JOBID PARTITION NAME USER ST TIME NODES NODELIST(REASON)

The Slurm commands “srun” and “sbatch” are used to run jobs that are put into the queue. “srun” runs parallel jobs, and can be used as a wrapper for mpirun. “sbatch” is used to submit a batch job to slurm, and can call srun once or many times in different configurations. “sbatch” can take batch scripts, or can be used with the --wrap option to run the entire job from the command line.

  1. Run a job so you can see Slurm in action and get a job in our queue!

Task 2. Run a Slurm job and scale the cluster

Now that you have our Slurm cluster running, let’s run a job and scale our cluster up.

  1. While logged in to g1-login0, run the following command to create a "hostname_batch" file:

tee hostname_batch << END #!/bin/sh sbatch -N2 --wrap="srun hostname" END

This command runs the Slurm batch command.

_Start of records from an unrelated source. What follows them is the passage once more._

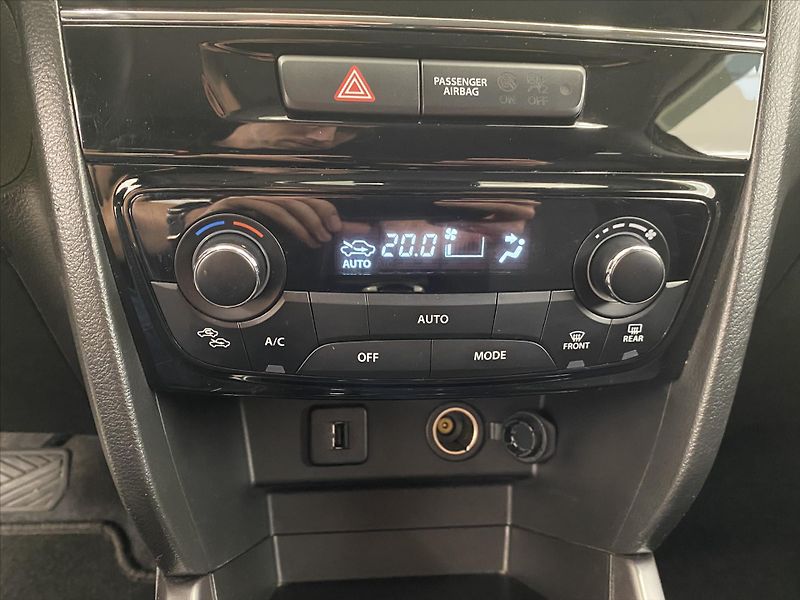 Suzuki Vitara 1,4 BoostJet Allgrip - fotka 19 z 27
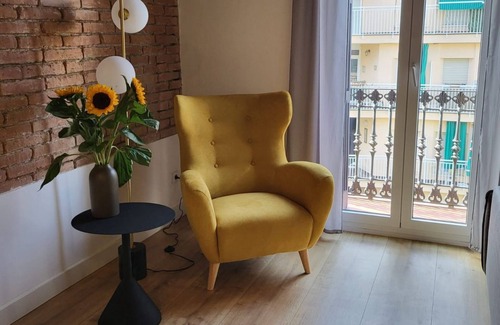 el Fort Pienc Apartment | Contemporary APT steps to Arc de Triomf-Born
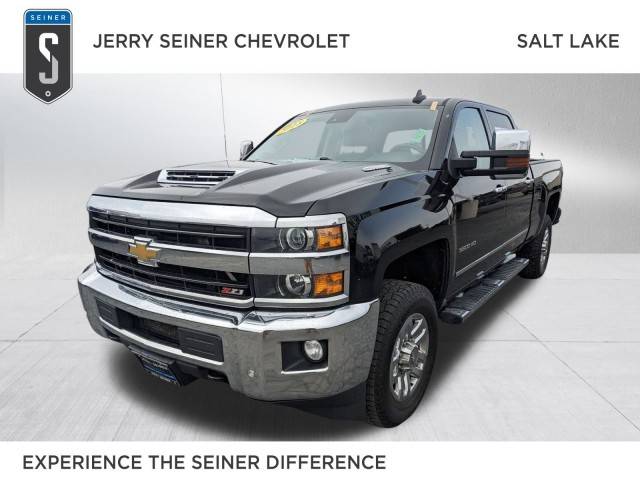 2018 Chevrolet Silverado 3500HD LTZ 4WD photo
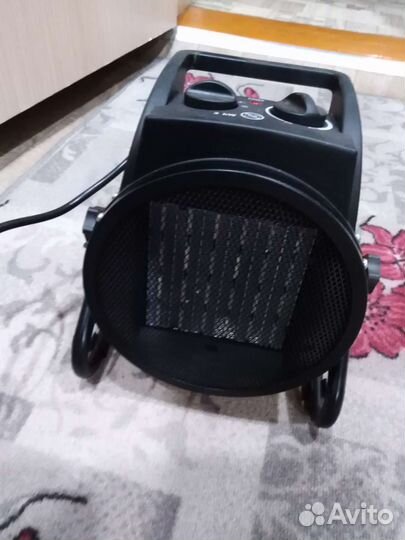 Электрообогреватель пушка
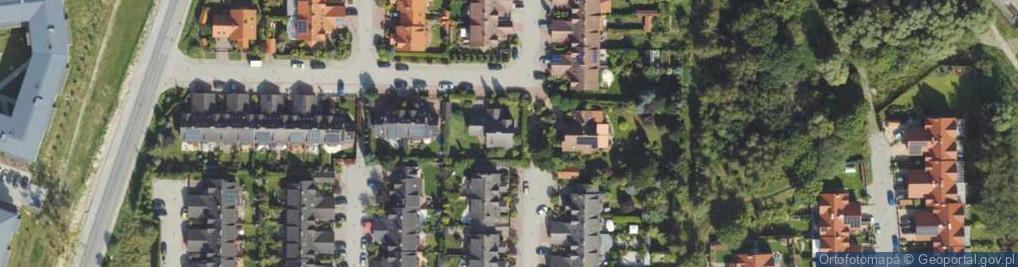 Zdjęcie satelitarne Szmaragdowa ul.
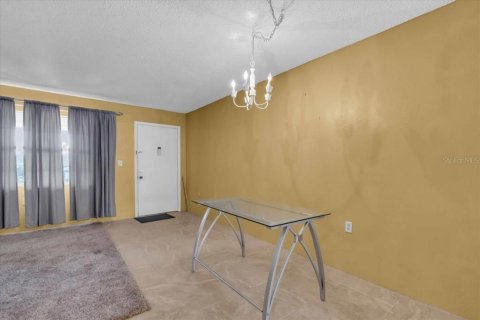 Condo in Saint Petersburg, Florida, 1 bedroom  № 1843171 - photo 9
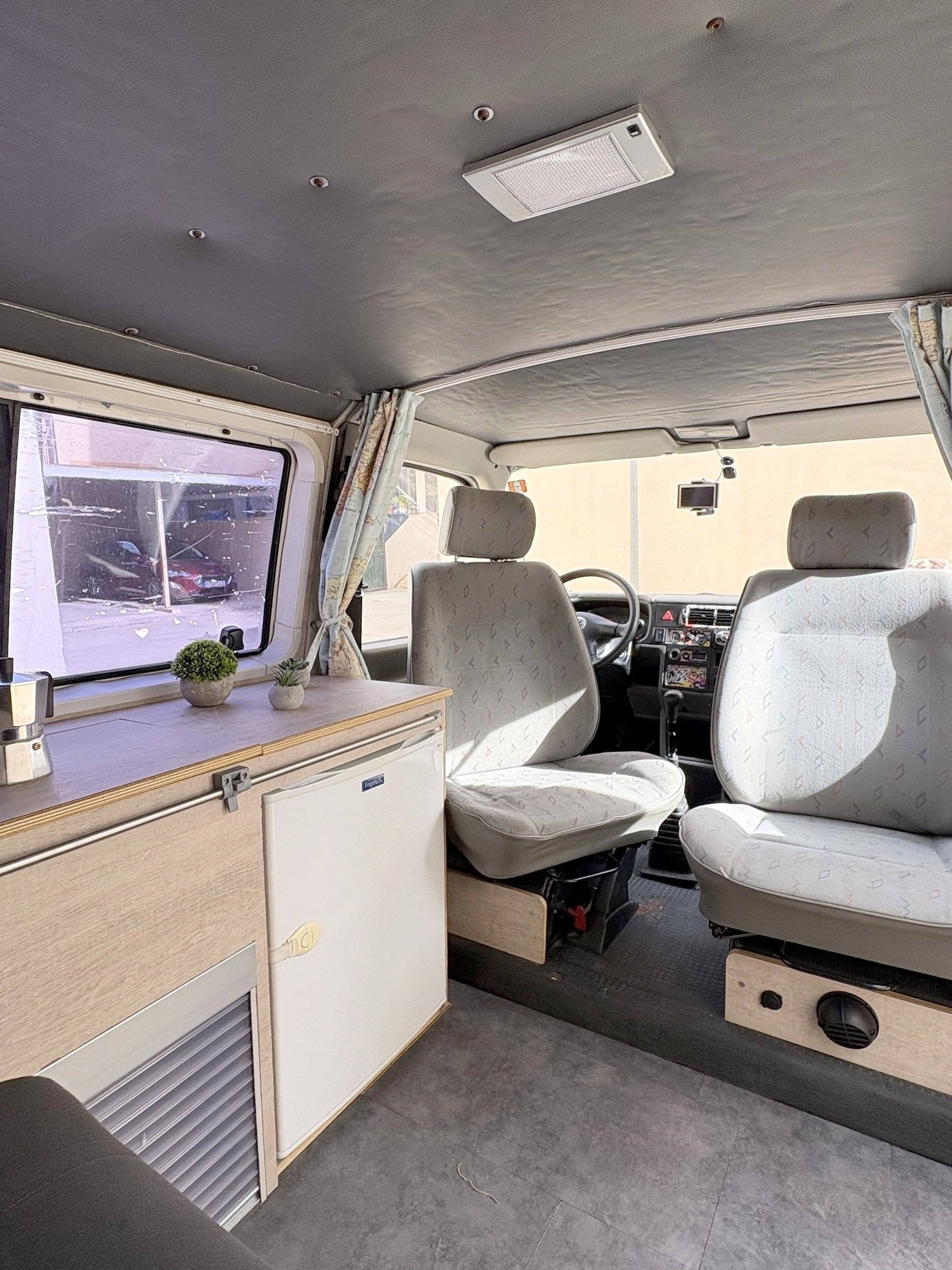 Bestuurderplaats Volkswagen 2.4D - Yescapa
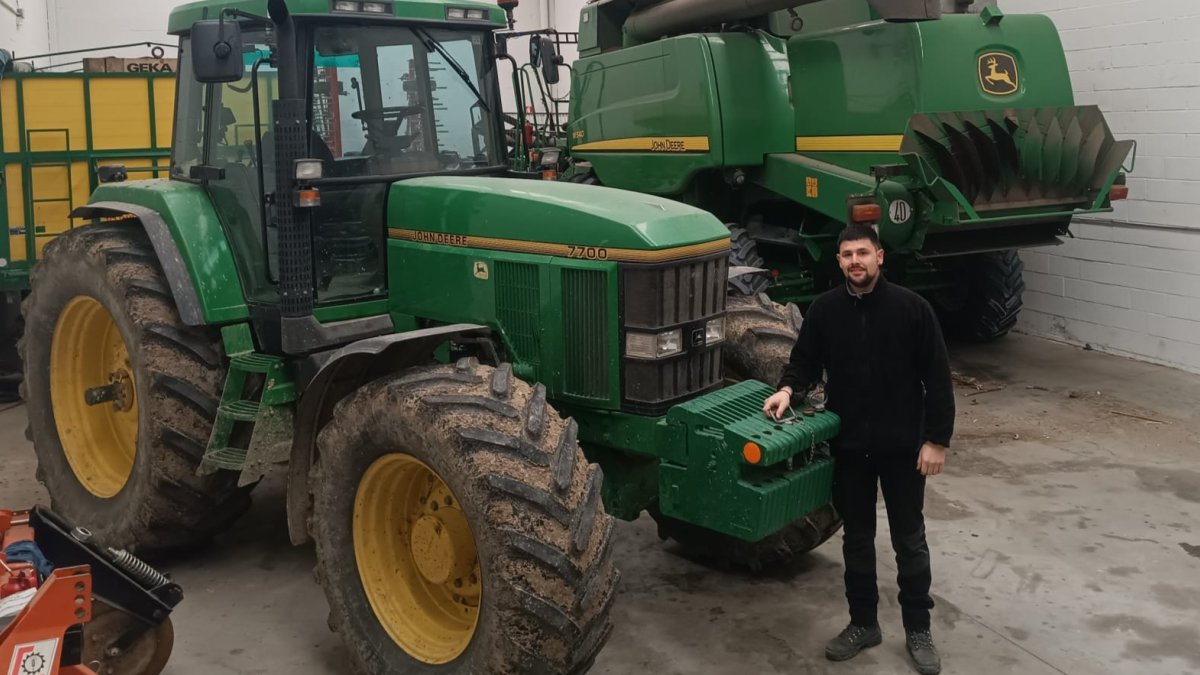 Iván compagina la gestión de sus tierras con el trabajo que hace para un agricultor de la zona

It specifies that sbatch will run 2 nodes with the “-N” option. It also specifies that each of those nodes will run an “srun hostname” command in the “--wrap” option.

By default, sbatch will write it’s output to “slurm-%j.out” in the working directory the command is run from, where %j is substituted for the Job ID according to the Slurm Filename Patterns. In our example sbatch is being run from the user’s /home folder, which is a NFS-based shared file system hosted on the controller by default. This allows compute nodes to share input and output data if desired. In a production environment, the working storage should be separate from the /home storage to avoid performance impacts to the cluster operations. Separate storage mounts can be specified in the tfvars file in the “network_storage” options.

  1. After executing the sbatch script using the sbatch command line it will return a Job ID for the scheduled job, for example:

sbatch hostname_batch

Running sbatch will return a Job ID for the scheduled job, for example:

Submitted batch job 2

You can use the Job ID returned by the sbatch command to track and manage the job execution and resources.

  1. Execute the following command to view the Slurm job queue:

squeue

You will likely see the job you executed listed like below:

JOBID PARTITION NAME USER ST TIME NODES NODELIST(REASON) 2 p1 hostname student- CF 0:19 1 g1-compute-0-0

Since you didn’t have any compute nodes provisioned, Slurm will automatically create compute instances according to the job requirements. The automatic nature of this process has two benefits.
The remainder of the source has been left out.